Of course, the Turks came from Central Asia, and caused big results, it's well-known! But, Turks' history in Anatolia is much longer than we know!..
bilinmeyen
April 29, 2006
11:43 pm
Well, that "5,000 years ago" isn't only for Hittites, of course! With Hittites, it's shorter! But, like Hittites, there were some other nations mentioned and that "5,000" years are related to them. Sorry, I can't remember them all.
Elizabeth
April 30, 2006
7:56 am
I think that Nathan's got the most accurate posts on this one. A few Turkic languages are mutually intelligible (Kyrghyz-Uzbek), but I am certain that Uzbeks understand Turkish (and vice-versa) about as well as Swedes understand German. A lot of the mutually intelligibility also comes from the joint Muslim heritage which includes a lot of borrowed Persian and Arab words (as anyone who speaks Persian, Arabic, or Turkish will realize when he/she tries to read signs in any country with any of the above languages- none of which are related at all). It is interesting to note that Russians often find it easier to learn Uzbek, because it's an analytic language, than Tajik (more idiomatic), although Russian is definitely related to Tajik and not to Uzbek. So I'm not sure that ease of learning means anything to linguists.

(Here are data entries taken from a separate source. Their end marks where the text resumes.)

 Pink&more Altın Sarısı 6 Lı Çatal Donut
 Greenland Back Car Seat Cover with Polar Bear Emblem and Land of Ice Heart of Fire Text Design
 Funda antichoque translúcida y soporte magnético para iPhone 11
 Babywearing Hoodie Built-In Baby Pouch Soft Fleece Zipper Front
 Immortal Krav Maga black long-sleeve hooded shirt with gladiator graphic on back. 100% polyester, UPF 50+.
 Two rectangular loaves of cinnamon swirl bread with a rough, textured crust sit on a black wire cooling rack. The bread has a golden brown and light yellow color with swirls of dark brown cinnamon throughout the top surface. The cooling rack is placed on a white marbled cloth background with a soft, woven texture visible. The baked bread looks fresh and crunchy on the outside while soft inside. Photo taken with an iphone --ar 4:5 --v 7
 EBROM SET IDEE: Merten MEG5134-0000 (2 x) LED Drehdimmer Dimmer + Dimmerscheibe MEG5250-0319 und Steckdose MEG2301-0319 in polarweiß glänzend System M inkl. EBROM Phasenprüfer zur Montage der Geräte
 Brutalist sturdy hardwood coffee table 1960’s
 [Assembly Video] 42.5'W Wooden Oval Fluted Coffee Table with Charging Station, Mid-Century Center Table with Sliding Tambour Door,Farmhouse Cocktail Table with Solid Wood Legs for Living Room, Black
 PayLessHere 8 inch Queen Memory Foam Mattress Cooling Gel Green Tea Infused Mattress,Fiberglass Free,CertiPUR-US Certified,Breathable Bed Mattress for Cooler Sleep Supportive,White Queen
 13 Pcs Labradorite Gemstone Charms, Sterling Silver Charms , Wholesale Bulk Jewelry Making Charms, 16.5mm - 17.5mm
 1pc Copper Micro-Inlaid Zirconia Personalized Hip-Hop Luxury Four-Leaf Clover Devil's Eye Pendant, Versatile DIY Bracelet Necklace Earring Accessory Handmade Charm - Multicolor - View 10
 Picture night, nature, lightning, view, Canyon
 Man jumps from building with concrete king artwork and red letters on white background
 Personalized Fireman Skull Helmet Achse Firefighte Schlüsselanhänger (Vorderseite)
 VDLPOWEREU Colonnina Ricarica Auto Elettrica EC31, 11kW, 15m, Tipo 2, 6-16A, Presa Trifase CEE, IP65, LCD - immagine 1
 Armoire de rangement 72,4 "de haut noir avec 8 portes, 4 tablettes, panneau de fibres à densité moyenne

I've read about this Finno-Uralic-cum-Altaic language family as well, but only in the context of theories trying desperately to link all languages to one single proto-language. I tend, therefore, to be slightly suspicious of this... if you do the one-through-ten test on these groups, you will find it difficult to compare them in the same way that even languages as diverse as Soghdian, Russian, and Romanian can be compared to English.
bilinmeyen
May 3, 2006
1:49 am
At last, the dialects of Turkish are as different as Mandarin and Cantonese.

As a native Turkish speaker: When you read Arabic or Persian you can understand only one or two words, but nothing else(though, there are many Arabic/Persian words in Turkish). But when you read Uighur/Uzbek you understand what does it mean, except from 3-4 words in a sentence. Even there are Uzbek message boards that have lots of Turkish members!

In one language, you notice similarities, in the other the differences!

And the little differences are normal, try to catch a Turkish person living in Germany! Though they watch Turkish TV programmes everyday and Turkish immigration to Germany began only a half century ago, it's sometimes very hard to understand what they say!

Not to mention, historically the founders of the Ottoman Empire (roots of today's Turks in Anatolia) are coming from Middle Asia and Kayi tribe and so historically the languages are coming from one root, too!